Morgan Jerkins: Thank you. Likewise.

Zibby: Wow. This was a labor of love. This is a lot of travel and research. Oh, my gosh. First of all, tell me about when you decided to write this book and why. Then I want to hear about the journey to getting all the information.

Morgan: It’s going to be weird of how I got the inspiration for this book because the book went through many different iterations of what the scope was to be. I will say that the impetus for the book began with a movie. It was Get Out. I was watching it in Magic Johnson Theater, Harlem. There’s a climactic scene where Daniel Kaluuya’s character, the black male protagonist, has his hand around his white girlfriend’s throat. She and his family has been trying to basically steal his body for the majority of the movie. As soon as the police car pulls up, everybody gasps. Now, in a regular society, police would mean safety. Yay, he’s coming to arrest the white girl. But we as black Americans know that the police often does not mean safety. I was fascinated that when we were in this theater, for example, we all had the same instinctual fear. I’m not a native Harlem. I’ve been living here for five years. I had a feeling that other people in this theater were not all natives to this neighborhood. That really fascinated me, this idea of fear of state violence, fear of the state, and our precarious position on any type of American soil. I wanted to first investigate that intergenerational fear and trauma. When I spoke about that to friends of mine who were actually professors who were based in the Boston area — this is after the book was sold. They told me, “This sounds like a migratory story.” That’s how the book started to develop. Not into just fear; that fear is a subcomponent. These migratory patterns and how we are connected and also disconnected because of the violence of the state, that’s how the scope grew.

Zibby: Wow. I actually thought what you just said was one of the most memorable parts of the book and has applications for really everything in life, was how you can really pass down trauma from generation to generation even if you haven’t lived it yourself, which I didn’t even realize could happen. If I had a traumatic experience, have I now doomed all my — . When does it have to have happen? It must have to happen before you have kids. Or is it just a societal thing? What do you think?

Morgan: I don’t know. Late last year, I got the once-in-a-lifetime opportunity to be a guest professor at Leipzig University in Germany. When I was there, one of the classes I taught was a literature seminar, Black Women’s Interiorities Across the Diaspora. I had one student there — I still think about him to do this day. He was from Israel. We were talking about the intergenerational trauma of slavery. He was likening it to intergenerational trauma if those were the descendants of Holocaust survivors. As I mention in my book, this research has already been investigated by those such Dr. Rachel Yehuda where she studied epigenetics and how trauma affects gene mechanisms through Holocaust survivors and their descendants. Then there was also Dr. Joy DeGruy who coined the term posttraumatic slave disorder. It made me think about it.

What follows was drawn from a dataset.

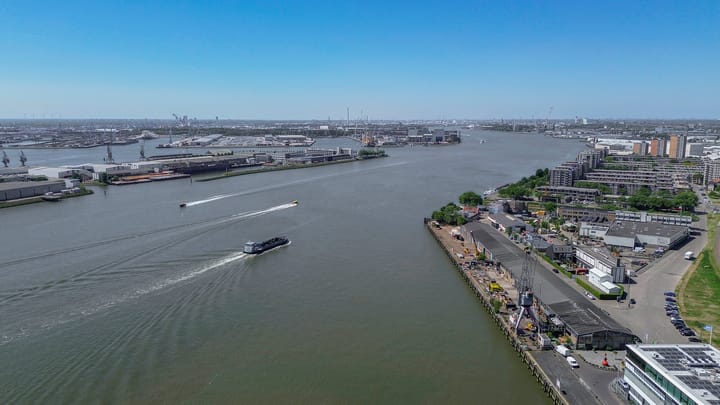 Foto 35 van Lloydkade 799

If you have a whole generation of people who have undergone just unspeakable stress to their psyches and their bodies, how could they not pass that down to children? It’s hard because you think, I’m my own person, and also because America’s very individualistic in a way, for better or for worse, because of how we’re dealing with or not dealing with the pandemic. That really got me to thinking about certain things, certain fears that I have, certain trepidations. If I just listen to a conversation happening with my mother and her siblings or even my grandparents, I’m like, now I see the echoes and the rippling effects. That’s something that I really wanted to demonstrate in Wandering in Strange Lands, is just that echo that happens from coast to coast, region to region despite the fact that black Americans are distinct, but also overlapping in terms of the disenfranchisement that we face.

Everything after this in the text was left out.